Recently, eXplainable AI (XAI) research has focused on the use of counterfactual explanations to address interpretability, algorithmic recourse, and bias in AI system decision-making. The developers of these algorithms claim they meet user requirements in generating counterfactual explanations with “plausible”, “actionable” or “causally important” features. However, few of these claims have been tested in controlled psychological studies. Hence, we know very little about which aspects of counterfactual explanations really help users understand the decisions of AI systems. Nor do we know whether counterfactual explanations are an advance on more traditional causal explanations that have a longer history in AI (e.g., in expert systems). Accordingly, we carried out three user studies to (i) test a fundamental distinction in feature-types, between categorical and continuous features, and (ii) compare the relative effectiveness of counterfactual and causal explanations. The studies used a simulated, automated decision-making app that determined safe driving limits after drinking alcohol, based on predicted blood alcohol content, where users’ responses were measured objectively (using predictive accuracy) and subjectively (using satisfaction and trust judgments). Study 1 (N = 127) showed that users understand explanations referring to categorical features more readily than those referring to continuous features. It also discovered a dissociation between objective and subjective measures: counterfactual explanations elicited higher accuracy than no-explanation controls but elicited no more accuracy than causal explanations, yet counterfactual explanations elicited greater satisfaction and trust than causal explanations. In Study 2 (N = 136) we transformed the continuous features of presented items to be categorical (i.e., binary) and found that these converted features led to highly accurate responding. Study 3 (N = 211) explicitly compared matched items involving either mixed features (i.e., a mix of categorical and continuous features) or categorical features (i.e., categorical and categorically-transformed continuous features), and found that users were more accurate when categorically-transformed features were used instead of continuous ones. It also replicated the dissociation between objective and subjective effects of explanations. The findings delineate important boundary conditions for current and future counterfactual explanation methods in XAI.

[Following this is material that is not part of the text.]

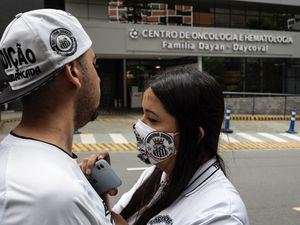 Aficionados de la Torcida Jovem del club brasileño de fútbol Santos fueron registrados este domingo, 4 de diciembre, al hacer una vigilia por la salud del exfutbolista brasileño Pelé, frente al Hospital Albert Einstein, en Sao Paulo, Brasil.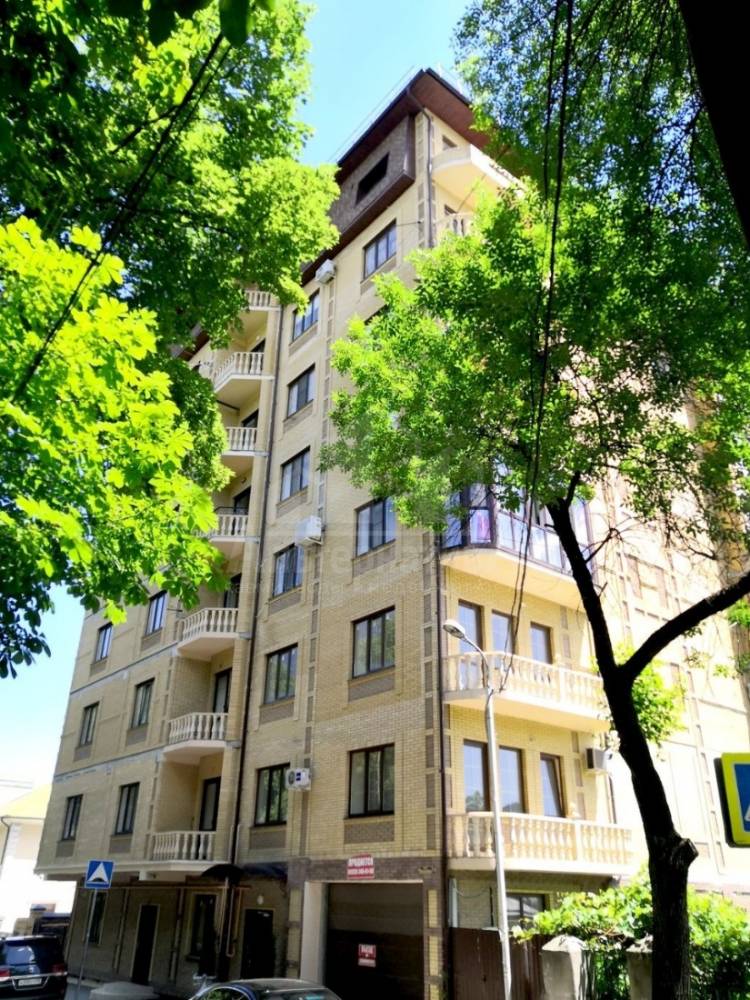 641b4a23-cc69-41bc-827d-ed93a035e1f3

最近,eXplainable AI(XAI)的研究重点是使用反事实解释来解决人工智能系统决策中的可解释性、算法追索权和偏差问题。这些算法的开发者声称,他们在生成具有 "可信"、"可操作 "或 "因果关系重要 "特征的反事实解释时满足了用户需求。然而,这些说法很少经过受控心理学研究的检验。因此,我们对反事实解释的哪些方面真正有助于用户理解人工智能系统的决策知之甚少。我们也不知道反事实解释是否比人工智能领域(如专家系统)历史更悠久的传统因果解释更先进。因此,我们进行了三项用户研究,以(i) 检验分类特征和连续特征在特征类型上的基本区别,(ii) 比较反事实解释和因果解释的相对有效性。这些研究使用了一个模拟的自动决策应用程序,该应用程序根据预测的血液酒精含量确定饮酒后的安全驾驶限制,并对用户的反应进行了客观测量(使用预测准确性)和主观测量(使用满意度和信任度判断)。研究 1(N=127)表明,与连续特征的解释相比,用户更容易理解涉及分类特征的解释。研究还发现了客观和主观测量之间的差异:反事实解释比无解释对照组的准确率更高,但准确率并不比因果解释高,但反事实解释比因果解释更能引起满意度和信任度。在研究 2(N = 136)中,我们将呈现项目的连续特征转换成了分类特征(即二元特征),结果发现这些转换后的特征导致了高度准确的反应。研究 3(N = 211)明确比较了涉及混合特征(即分类特征和连续特征的混合)或分类特征(即分类特征和经分类转换的连续特征)的匹配项目,结果发现,当使用经分类转换的特征而不是连续特征时,用户的回答更准确。研究还重复了解释的客观效果和主观效果之间的分离。这些发现为当前和未来 XAI 中的反事实解释方法划定了重要的边界条件。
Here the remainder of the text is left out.